Rybelsus works differently than other diabetes pills, lowering blood sugar in three ways:
by increasing the release of insulin from the pancreas when blood sugar is high;
decreasing the release of sugar from the liver;
and slowing the process of food leaving the stomach after eating.
Rybelsus is a unique co-formulation of semaglutide and an absorption enhancer called SNAC (sodium N-(8-[2-hydroxybenzoyl] amino) caprylate), which facilitates absorption of semaglutide in the stomach, making it possible to provide semaglutide as a pill. Hooray, a lot of tech dev in the delivery!
Novo Nordisk is working with health insurance providers to ensure broad insurance coverage and patient access to Rybelsus. Eligible, commercially insured patients may pay as little as $10 for a one- to three-month prescription of this medicine.

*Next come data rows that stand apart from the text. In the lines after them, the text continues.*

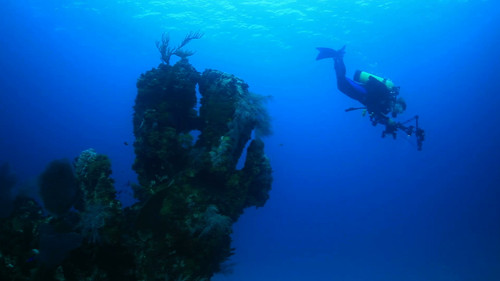 Background image for Episode 203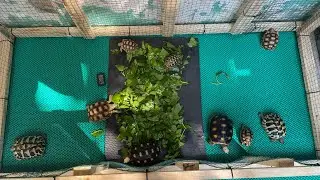 SARAPAN DI KANDANG OUTDOOR! | SULCATA, REDFOOT, CHERRYHEAD, HERMANNI, GREEK 🇮🇩 🐢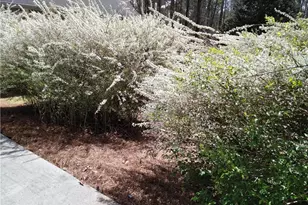 435 Old Holly Rd, Roswell, GA 30075 - Photo 79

Positive results from a ongoing phase IIIb study evaluating the efficacy and safety of Rybelsus were recently announced by Novo Nordisk. The study, called PIONEER PLUS, aimed to compare the efficacy and safety of Rybelsus at doses of 50mg, 25mg, and 14mg in patients with type 2 diabetes who had previously received treatment with other oral glucose-lowering drugs. The study lasted 68 weeks, with the primary endpoint being the change in glycated hemoglobin levels (HbA1c) in patients at weeks 52 and 68.
The results showed that, when evaluated from a trial medication perspective (all patients adhered to Rybelsus treatment without the need for other type 2 diabetes medications), the 25mg and 50mg doses of Rybelsus were more effective in reducing HbA1c compared to the 14mg dose at week 52. Additionally, patients in the Rybelsus 25mg and 50mg groups experienced significant weight loss.